Le Canada soutient le coup d'État commandité par les États-Unis en Bolivie

Par Roger Jordan
18 novembre 2019

Le gouvernement libéral du Canada a encouragé et appuyé le coup d'État militaire commandité par les États-Unis en Bolivie qui a mené à la démission forcée, dimanche dernier, du président du pays, Evo Morales, et de nombreux autres représentants élus.

Le coup d'État, lancé par des éléments de droite au sein de l'armée, a déclenché une vague de terreur et de violence de la part d'unités militaires et policières lourdement armées, ainsi que d'opposants fascistes à Morales, contre des ouvriers et des paysans pauvres et largement sans défense.

Le premier ministre du Canada Justin Trudeau (AP Photo/Evan Vucci)

«Le Canada appuie la Bolivie et la volonté démocratique de son peuple», a déclaré la ministre des Affaires étrangères Chrystia Freeland avec un cynisme absolu. «Nous prenons note de la démission du président Morales et continuerons à soutenir la Bolivie pendant cette transition et les nouvelles élections.»

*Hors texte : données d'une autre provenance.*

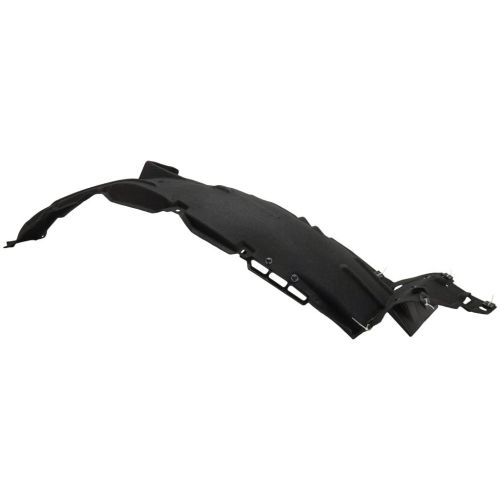 2019-2022 HONDA HR-V Fender inner panel Right Passenger Side OEM# 74100T7WA20 PL# HO1249188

L'invocation bidon de Freeland de la «démocratie» va de pair avec les déclarations hypocrites du président américain fasciste Donald Trump, qui a applaudi le renversement de Morales par les militaires comme un «pas en avant significatif pour la démocratie» dans les Amériques. De plus, elle est d'autant plus trompeuse étant donné que le Canada a contribué à inciter à des coups d'État antidémocratiques et à des opérations de changement de régime dans toute la région, d'Haïti en 2004, au Honduras en 2009 et au Venezuela plus tôt cette année.

La réalité est que la Bolivie est maintenant au bord de la guerre civile. Des groupes militaires et d'extrême droite sévissent contre toute opposition politique des travailleurs et des paysans, y compris avec des balles réelles et des attaques physiques violentes.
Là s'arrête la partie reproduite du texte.